Croce e delizia del Kenya, il Chang’aa è il distillato che ha una storia affascinante, ma gli eventuali assaggi devono avvenire con cautela, soprattutto in loco. Il rischio è di morire. Letteralmente.
Che cos’è il Chang’aa
Il Chang’aa è un distillato del Kenya fatto con i cereali. Il più delle volte si tratta di miglio, mais e sorgo, che vengono macinati, sottoposti a distillazione e poi al passaggio in alambicco. Ha un carattere tosto e una gradazione alcolica piuttosto elevata.
La storia e il nome del distillato del Kenya
La nascita del Chang’aa affonda le radici indietro nel tempo, ma nessuno sa con esattezza quanto: molto probabilmente parliamo del periodo precoloniale. All’epoca questo distillato si faceva in casa, senza particolari regolamentazioni. Poi i colonizzatori britannici decisero di vietarne la produzione, ma questo non fermò gli alambicchi. Semplicemente, li rese illegali.
Pare che il nome Chang’aa sia nato proprio in questo contesto. Leggenda vuole che un funzionario dell’Impero britannico fosse stato informato di come le donne del luogo lo contrabbandavano. Cioè, nascondendolo fra le pentole utilizzate per trasportare il latte e venderlo lungo le strade.
Dunque, il funzionario le ferma, ispeziona i loro contenitori e scopre che effettivamente uno è pieno di pelele (il termine utilizzato in quel momento per identificare il superacolico). A questo punto chiede all’interprete di domandare. «Di chi è il latte?». La traduzione in dialetto Dholuo, parlato in Kenya e Tanzania, suona più o meno come «Ma Chag ng’a?». Da qui il nuovo nome, che introduce una piccola ma significativa variazione.
Il Chang’aa, il distillato del Kenya diventa legale
Vale infatti la pena di sottolineare quanto sostenuto dall’Economist nel 2010 (anno importante: ci torneremo). In un articolo pubblicato a fine aprile, si legge che la parola chang’aa significa “uccidimi velocemente”.
Il distillato del Kenya promette dunque seri danni alla salute, compresa la morte. Questo perché la produzione illegale avviene senza particolari riguardi per le condizioni igieniche e soprattutto aggiungendo sostanze tossiche allo scopo di potenziare l’effetto sbronza.

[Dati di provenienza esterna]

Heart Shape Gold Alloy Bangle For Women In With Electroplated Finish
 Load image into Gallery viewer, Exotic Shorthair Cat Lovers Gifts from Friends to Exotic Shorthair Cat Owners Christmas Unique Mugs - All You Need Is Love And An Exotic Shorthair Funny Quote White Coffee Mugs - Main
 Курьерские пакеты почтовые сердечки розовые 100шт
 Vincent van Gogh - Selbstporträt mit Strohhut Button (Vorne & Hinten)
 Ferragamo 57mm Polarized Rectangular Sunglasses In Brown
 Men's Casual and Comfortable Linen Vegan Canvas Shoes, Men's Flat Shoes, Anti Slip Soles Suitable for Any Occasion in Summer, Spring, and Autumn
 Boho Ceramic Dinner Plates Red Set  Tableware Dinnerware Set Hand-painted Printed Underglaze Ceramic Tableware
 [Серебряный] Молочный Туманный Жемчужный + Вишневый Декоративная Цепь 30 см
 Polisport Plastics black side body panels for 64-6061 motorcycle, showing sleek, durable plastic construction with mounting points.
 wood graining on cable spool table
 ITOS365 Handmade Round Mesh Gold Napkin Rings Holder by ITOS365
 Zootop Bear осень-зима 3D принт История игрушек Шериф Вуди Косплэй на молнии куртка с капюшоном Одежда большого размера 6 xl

Proprio nel 2010 il governo keniota decide di regolamentarne la produzione. Lo scopo è duplice: sottrarla al controllo criminale e immettere sul mercato un distillato sano. Il successo è stato solo parziale.
Come si produce il Chang’aa
Le indicazioni del governo sono sostanzialmente simili a quelle adottate in altre parti del mondo. Sono indicate le materie prime (miglio, mais e sorgo) ed è richiesta una lavorazione controllata.
La fermentazione deve avvenire nel rispetto di basilari norme igieniche e il passaggio in alambicco deve prevedere il taglio delle teste e delle code. Niente affinamento in botti di legno: l’imbottigliamento è immediatamente successivo alla distillazione e deve essere in bottiglie di vetro, sulle quali indicare chiaramente i rischi per la salute in caso di abuso. La vendita ai minorenni è vietata.
Come non si dovrebbe produrre
Rispettare le indicazioni governative significa spendere denaro. Molto più di quello che possono permettersi di investire numerosi produttori, senza contare coloro che non intendono affatto investire, per esempio le organizzazioni criminali.
Il fatto è che il Chang’aa è un prodotto povero ed è inestricabilmente connesso a condizioni di povertà. La sua fortuna commerciale è determinata dal fatto che costa poco, significativamente meno di qualunque alternativa alcolica in circolazione. E ti stordisce molto prima: un’accoppiata devastante, quella tra convenienza e sbronza.
Ciò che manca è l’attenzione per la salute: il Chang’aa illegale è lavorato in scarse condizioni igieniche, senza lavare adeguatamente l’attrezzatura e recuperando l’acqua per la distillazione direttamente dai fiumi (inquinati o meno che siano). Peggio ancora: il taglio di teste e code non è contemplato e ciò porta a dannose presenze di metanolo.
Come se non bastasse, capita spesso che la bevanda venga “corretta” allo scopo di aumentarne la capacità di sballare. Le aggiunte possono essere carburante per aerei, acido delle batterie, liquido per imbalsamare. Tutte cose che fanno malissimo, se ingerite.
La decisione del governo
Per questo nel 2010 il Kenya tentò di regolamentare la produzione di Chang’aa: la gente sviluppava dipendenze devastanti, con serie conseguenze sulla salute che spesso conducevano alla morte. Va da sé che le organizzazioni criminali hanno fatto orecchie da mercante: la domanda di Chang’aa a basso costo non è calata, dunque, la produzione è continuata come nulla fosse.
Coloro che avrebbero voluto uniformarsi alla legge si sono scontrati con investimenti insostenibili ai più. Per esempio: se vivi in una baraccopoli e produci Chang’aa, non avrai mai il denaro necessario a rispettare il disciplinare governativo. Ma il tuo distillato tiene in piedi la precaria economia famigliare. Dunque, si va avanti come prima.
Come si consuma
Tutto ciò detto, è chiaro che il Chang’aa illegale non si consuma. Quello legale non ti uccide, dunque possiamo avventurarci negli assaggi. Non è molto chiaro come dev’essere degustato, anche perché le usanze tradizionali sono figlie della sbronza dannosa, quella che prevede di trangugiare senza troppi riguardi.
Volendo, si potrebbe optare per il classico shottino: senza ghiaccio, giù tutto d’un fiato e via. Oppure si potrebbe adottare l’approccio tipico di molte acquaviti: bevuta in brevi sorsi, distribuendo il Chang’aa lungo tutta la bocca, così da apprezzarne le caratteristiche.